**The task:**
Begin at the line below that has "The main screen" and stop after the line that has "First thing you". Please restate only those lines, word for word.

**Input data:**
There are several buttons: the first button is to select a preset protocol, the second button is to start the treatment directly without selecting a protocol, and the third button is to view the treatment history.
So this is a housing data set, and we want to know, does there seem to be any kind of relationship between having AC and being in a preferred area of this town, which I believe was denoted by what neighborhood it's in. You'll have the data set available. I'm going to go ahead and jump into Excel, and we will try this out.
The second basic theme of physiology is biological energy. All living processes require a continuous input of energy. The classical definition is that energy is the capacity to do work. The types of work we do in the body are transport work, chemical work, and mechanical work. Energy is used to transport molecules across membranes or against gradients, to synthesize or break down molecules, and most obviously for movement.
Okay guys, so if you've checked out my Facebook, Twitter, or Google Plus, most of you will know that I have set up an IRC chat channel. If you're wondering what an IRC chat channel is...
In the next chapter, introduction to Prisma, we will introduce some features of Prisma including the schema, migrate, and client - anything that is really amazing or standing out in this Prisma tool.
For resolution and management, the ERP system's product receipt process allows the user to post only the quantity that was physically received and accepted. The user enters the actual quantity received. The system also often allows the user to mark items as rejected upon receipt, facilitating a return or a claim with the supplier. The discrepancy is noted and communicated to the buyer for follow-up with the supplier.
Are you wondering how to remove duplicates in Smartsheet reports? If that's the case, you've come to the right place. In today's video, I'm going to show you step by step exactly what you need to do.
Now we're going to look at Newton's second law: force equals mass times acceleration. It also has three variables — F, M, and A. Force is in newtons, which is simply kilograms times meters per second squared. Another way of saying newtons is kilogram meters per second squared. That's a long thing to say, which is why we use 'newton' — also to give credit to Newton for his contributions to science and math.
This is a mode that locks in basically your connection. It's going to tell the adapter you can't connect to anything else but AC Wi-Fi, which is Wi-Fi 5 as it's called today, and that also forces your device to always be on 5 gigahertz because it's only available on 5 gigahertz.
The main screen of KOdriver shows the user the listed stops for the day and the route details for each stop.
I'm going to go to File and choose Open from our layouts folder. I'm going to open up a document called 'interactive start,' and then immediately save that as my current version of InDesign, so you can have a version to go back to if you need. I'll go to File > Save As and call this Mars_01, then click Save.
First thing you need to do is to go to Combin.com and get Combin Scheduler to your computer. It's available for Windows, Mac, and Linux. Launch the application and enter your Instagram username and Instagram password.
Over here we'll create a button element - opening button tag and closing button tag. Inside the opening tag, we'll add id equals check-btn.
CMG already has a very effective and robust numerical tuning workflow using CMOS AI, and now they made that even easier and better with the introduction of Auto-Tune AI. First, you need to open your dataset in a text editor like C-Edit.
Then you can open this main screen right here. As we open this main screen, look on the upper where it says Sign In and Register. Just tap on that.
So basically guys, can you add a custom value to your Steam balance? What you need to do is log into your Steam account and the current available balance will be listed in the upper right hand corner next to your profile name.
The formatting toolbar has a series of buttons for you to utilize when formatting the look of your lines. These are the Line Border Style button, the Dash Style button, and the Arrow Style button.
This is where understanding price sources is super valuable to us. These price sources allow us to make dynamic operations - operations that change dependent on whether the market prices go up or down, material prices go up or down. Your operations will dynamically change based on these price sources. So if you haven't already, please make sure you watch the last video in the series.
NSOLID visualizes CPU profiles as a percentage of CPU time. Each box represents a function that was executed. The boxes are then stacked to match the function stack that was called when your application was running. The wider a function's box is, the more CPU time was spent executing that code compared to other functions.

**Exercise result:**
The main screen of KOdriver shows the user the listed stops for the day and the route details for each stop.
I'm going to go to File and choose Open from our layouts folder. I'm going to open up a document called 'interactive start,' and then immediately save that as my current version of InDesign, so you can have a version to go back to if you need. I'll go to File > Save As and call this Mars_01, then click Save.
First thing you need to do is to go to Combin.com and get Combin Scheduler to your computer. It's available for Windows, Mac, and Linux. Launch the application and enter your Instagram username and Instagram password.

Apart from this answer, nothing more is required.